Hanneke Siebelink is research partner and writer at HRS Business Transformation Services, and author of several books and the Expert Series. She is currently studying Mandarin Chinese.
Find out more about our team, our services, and keynotes.
I just returned from a trip to Hyderabad (visiting my Indian colleagues and teams that work on the corporate transformation program I’m leading for a European retail company) when I came across an interview with Google CEO Sundar Pichai. He explained what he misses about not living in India. That made me reflect and share some experiences of my own.
Question: What do you miss about not living in India?
Sundar Pichai: “I miss the people, the vibrancy, the noise. It is so quiet around here! Every time I go to India and I come back, that’s what I miss. Everything is silent, so I miss the people, the vibrancy, the life, the colours and the sounds of India.”
Question: What is wonderful about India is the democracy and the diversity.

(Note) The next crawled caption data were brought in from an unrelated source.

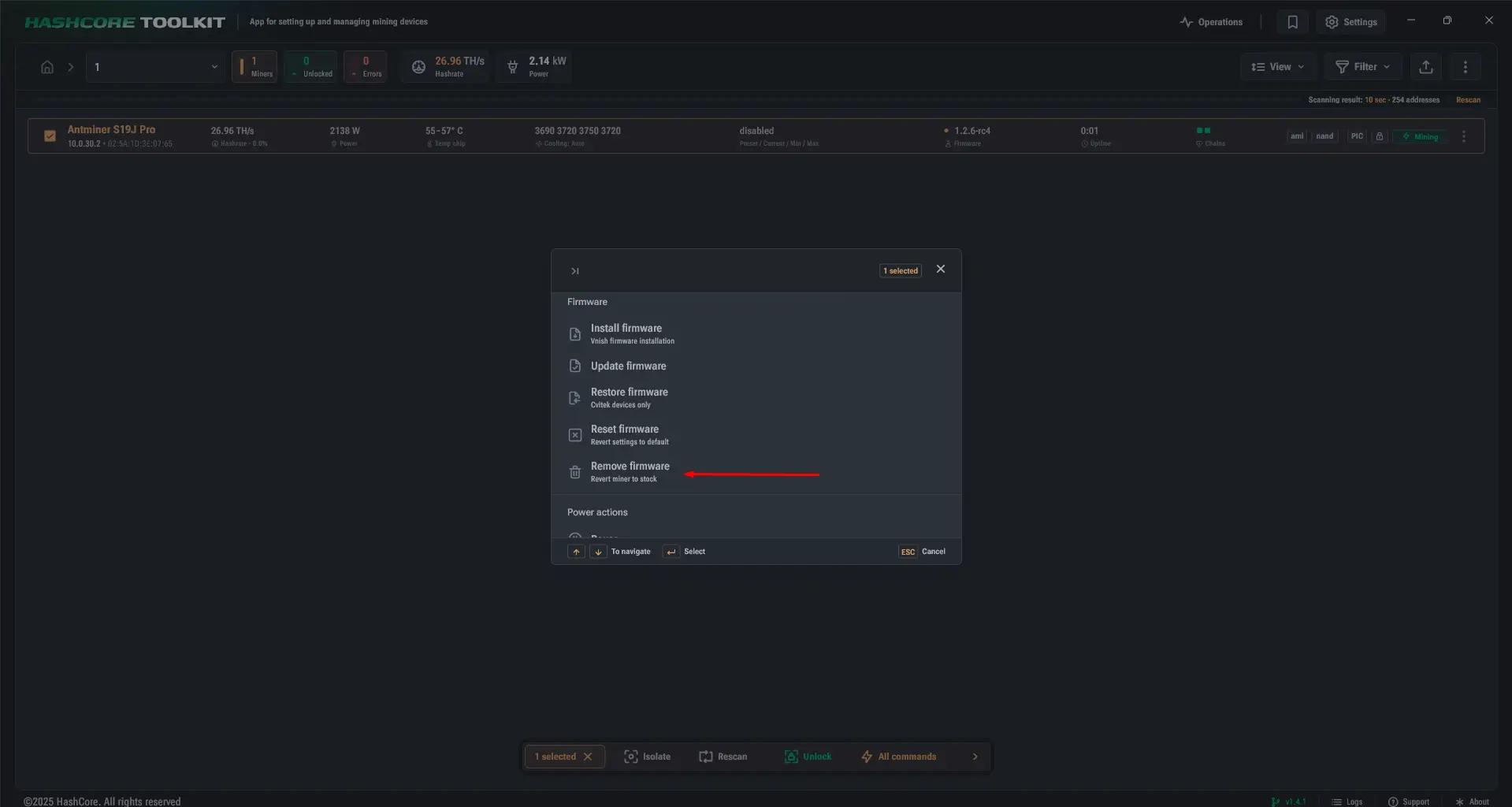 Comando Remove firmware utilizado para restaurar el firmware de fábrica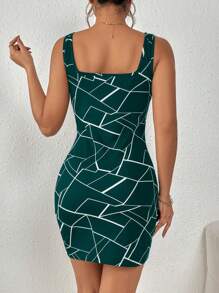 SHEIN Privé In Địa lý Cổ vuông Váy Bodycon - Màu xanh ngọc - Xem 5
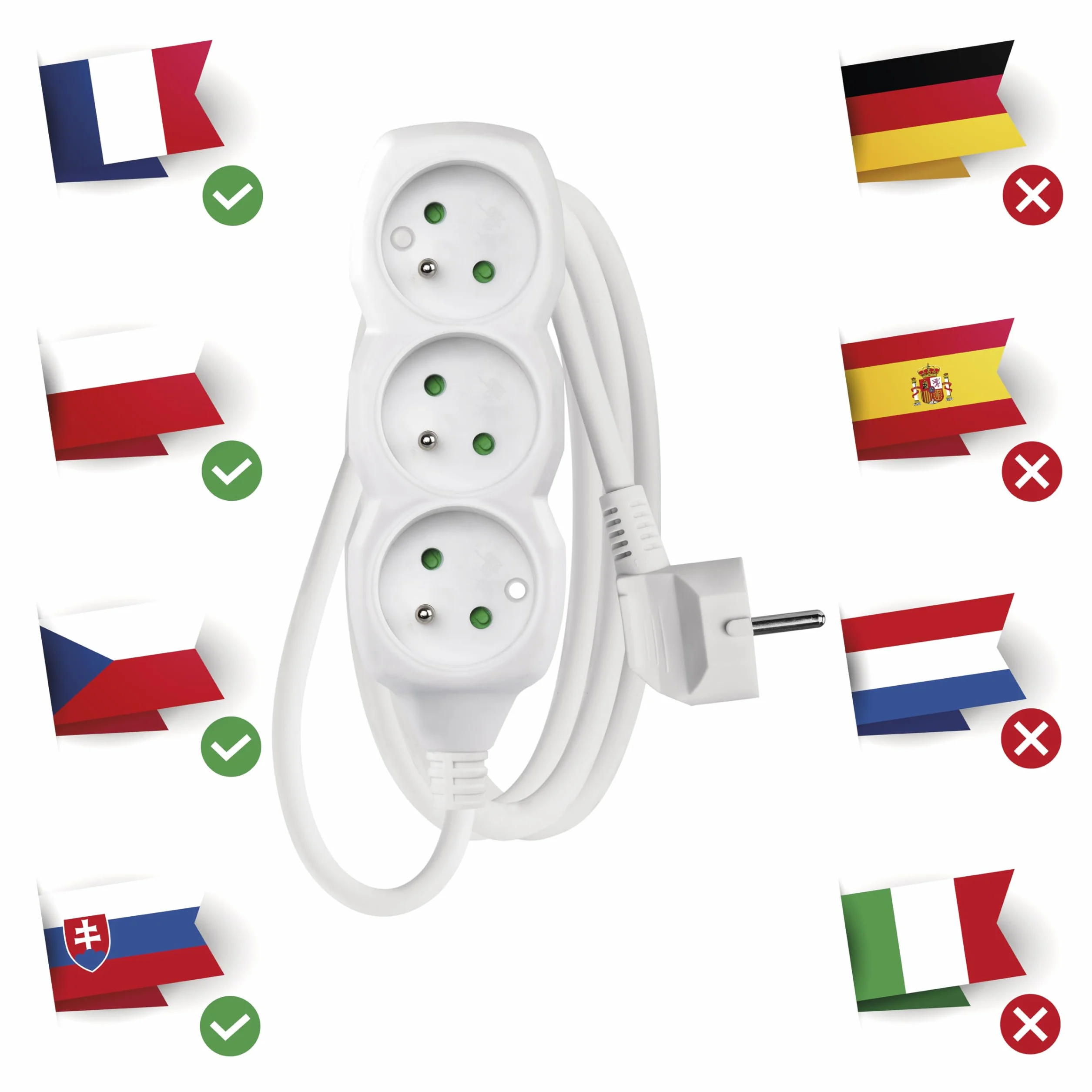 Emos 1902030150 rozdzielacz zasilania PDU 3 x gniazdo sieciowe Biały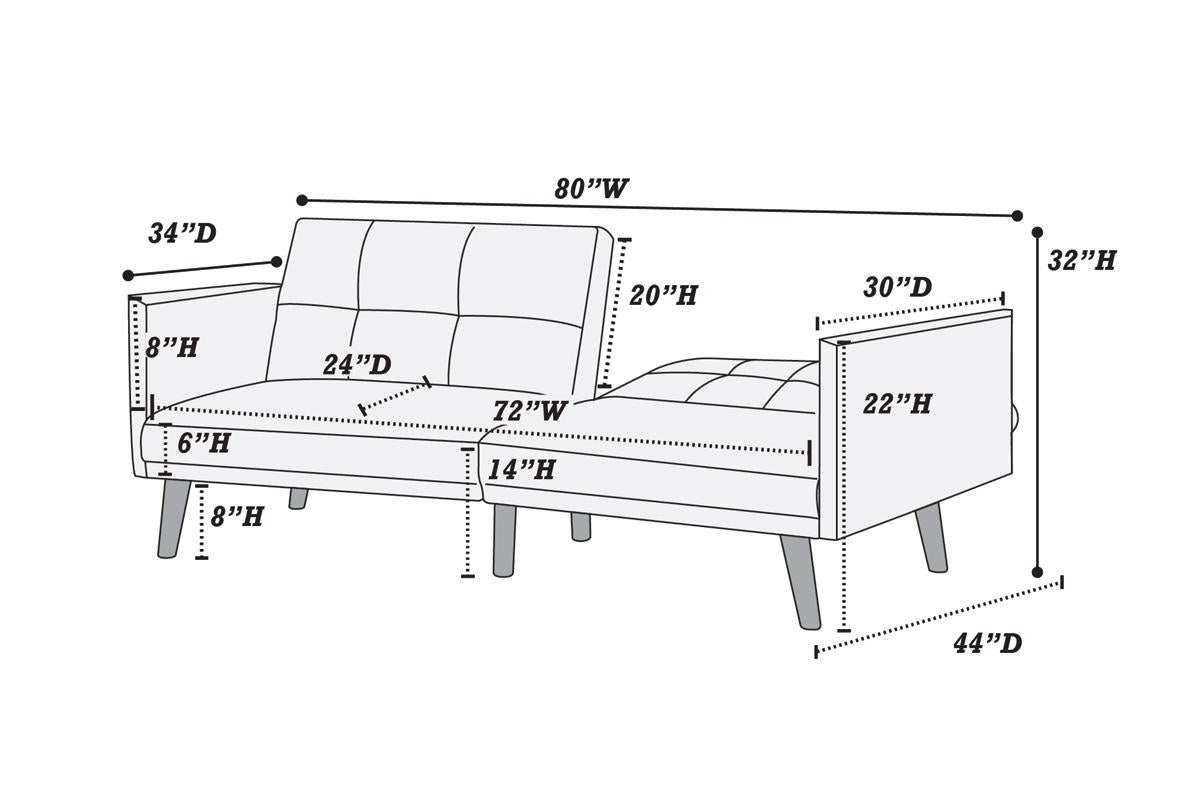 Diagram showing dimensions of a tufted futon sofa bed Width  inches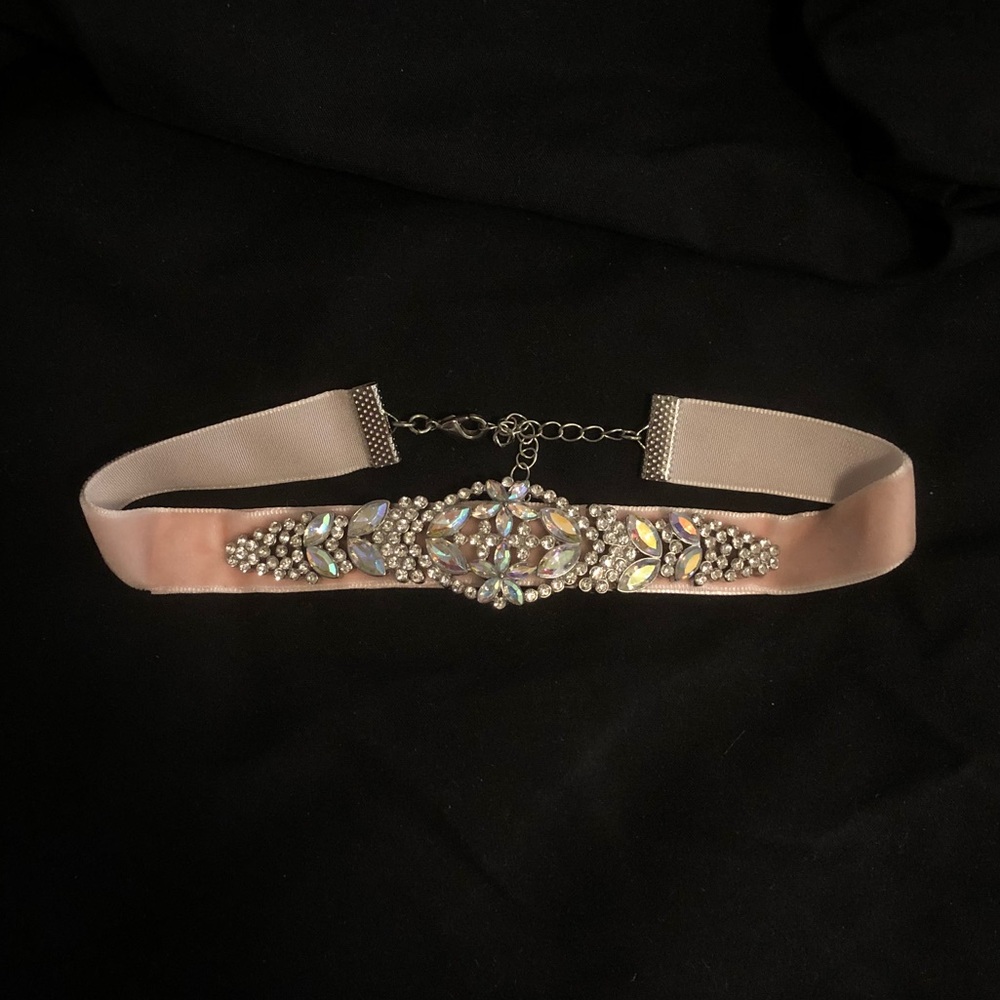 Pink Velvet Rhinestone Choker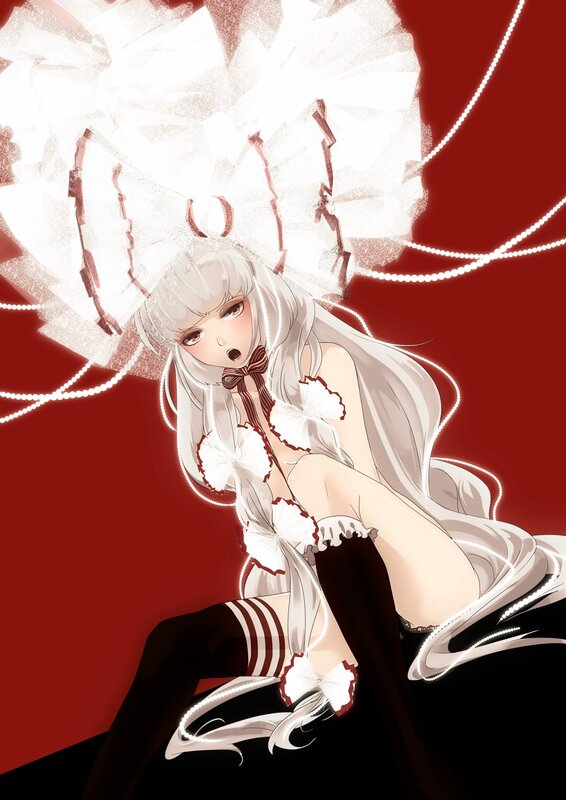Anime Girl with White Hair — Red, Dramatic, Digital Art, Red Background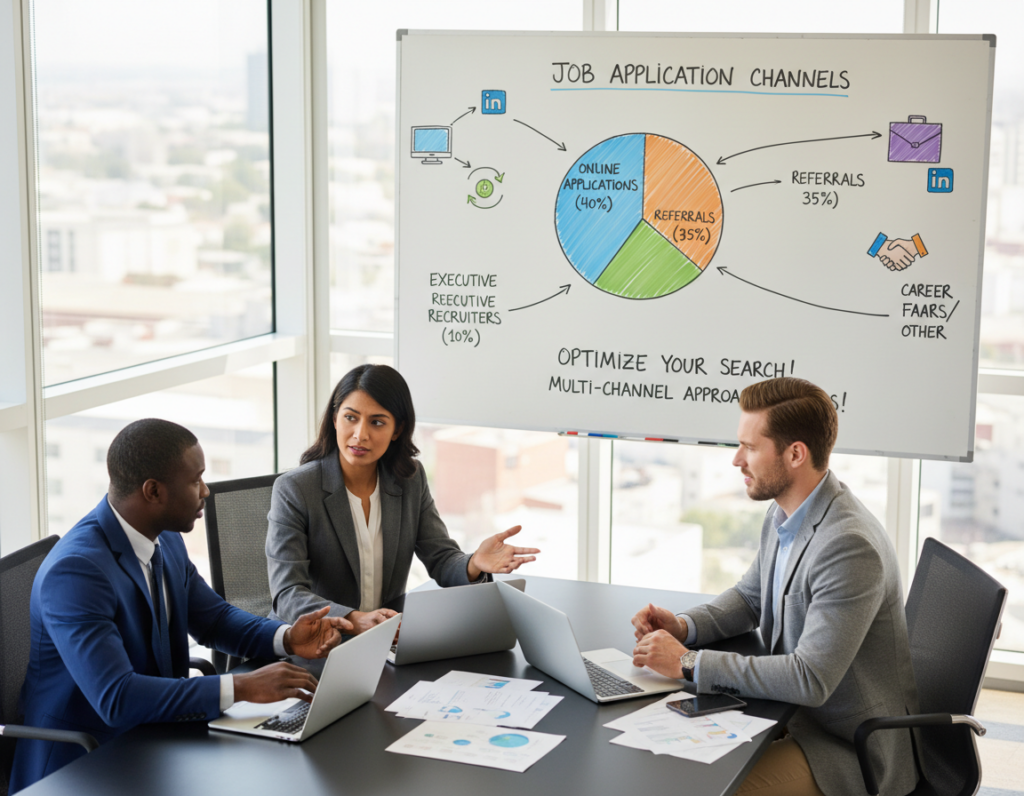 A visually engaging scene depicting a professional meeting illustrating channel strategy in job applications. In the foreground, a diverse group of three professionals dressed in smart business attire are actively discussing strategies around a table with laptops and documents spread out. In the middle ground, a large whiteboard displays colorful graphs and diagrams highlighting online applications, referrals, and executive recruiters. The background features a modern office environment with large windows, allowing natural light to pour in, creating a bright, optimistic atmosphere. The composition is slightly angled from a high viewpoint to capture both the group dynamics and the informative board. The overall mood is collaborative and strategic, emphasizing the importance of different job application channels.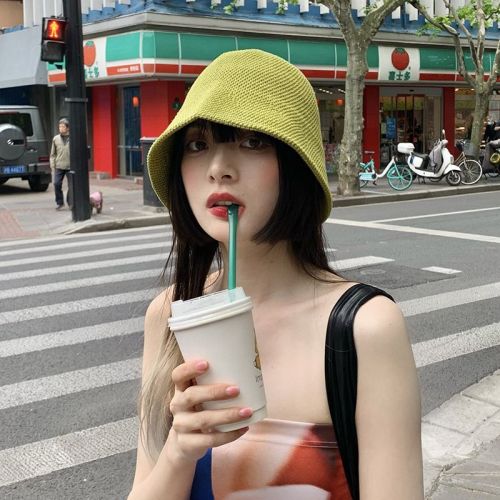 Summer sunshade hat women's sunscreen thin section breathable fisherman hat ins tide new face-covering bucket hat women show small face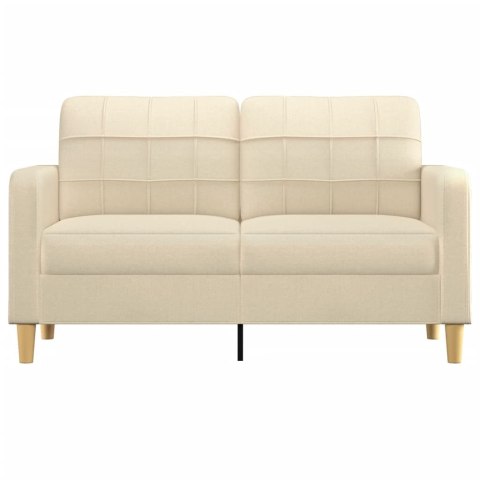  2-osobowa sofa, kremowa, 140 cm, tapicerowana tkaniną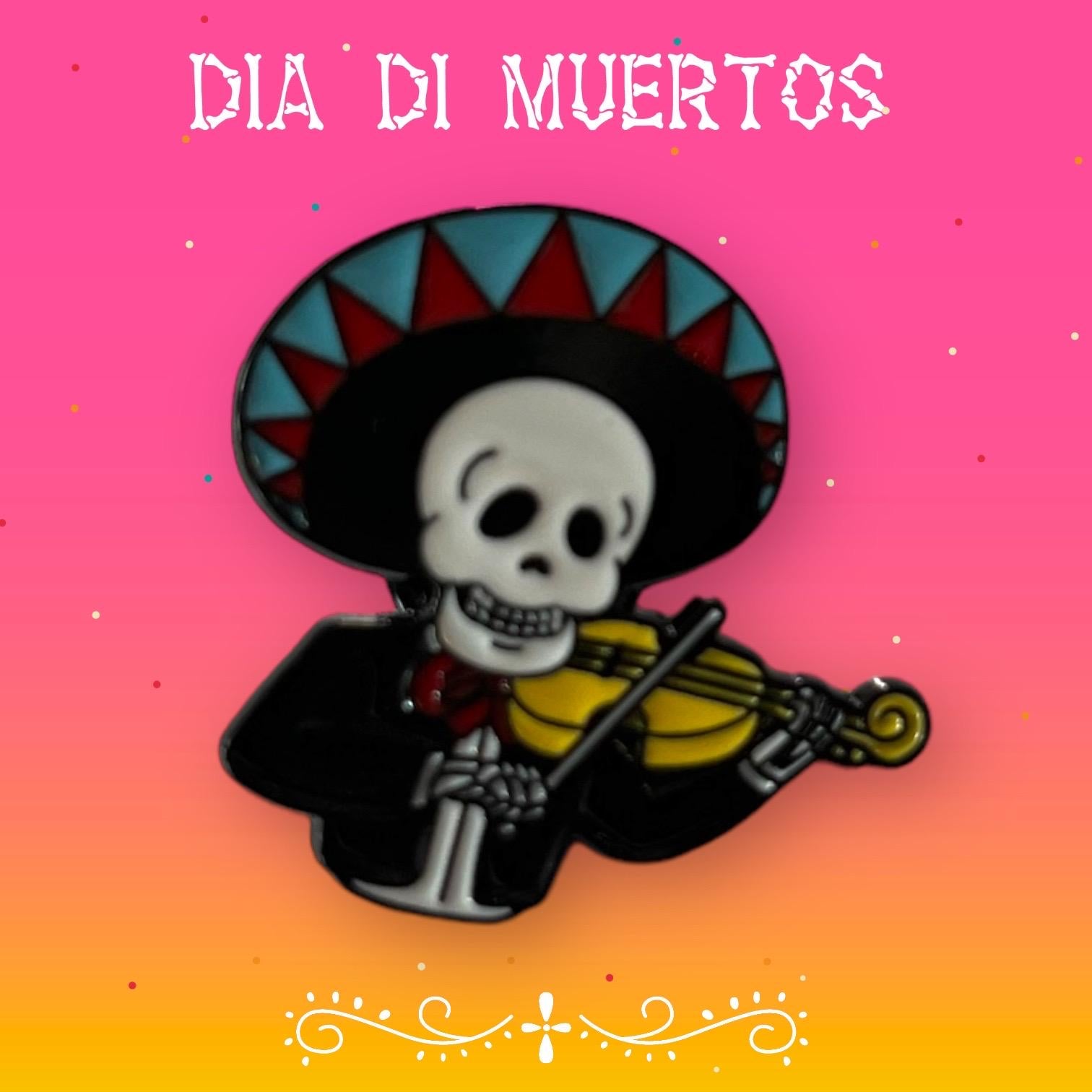 Día de Los Muertos (Day of the Dead) Brooches - Festive Band Series - Enamel Put-on Pins for Backpack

Are you worried that the diversity may be changing a bit, that support for diversity is declining?
Pichai: “If I look at all the difficult times India has gone through, something about India, the scale of the people and how distributed it is, the different states and the different cultures, the only way they can work is by somehow keeping it all together. And there is this magic that has figured out a way to do it over time. So I think a fate in that system, something deeper than all of us, will keep it together for a long time. I think the forces which will bring it together and preserve diversity are far bigger than anything which can pull it apart.” (Watch the interview here)
What strikes me most when I visit India:
The inclusiveness despite different backgrounds
The hospitality and generosity that you find everywhere. The willingness to help. The many invitations to join, having dinner together, being invited to play a game of cricket with the team (‘don’t worry, we will teach you’).
The eagerness to learn and grow
The amount of bright (and young) people. Mainly software engineers, data scientists, data integration specialists, all relentlessly asking all kinds of questions to understand not only what they have to do, but also to understand the larger picture (‘how do we contribute to the strategy of our company?’, ‘how is our work making a difference?’).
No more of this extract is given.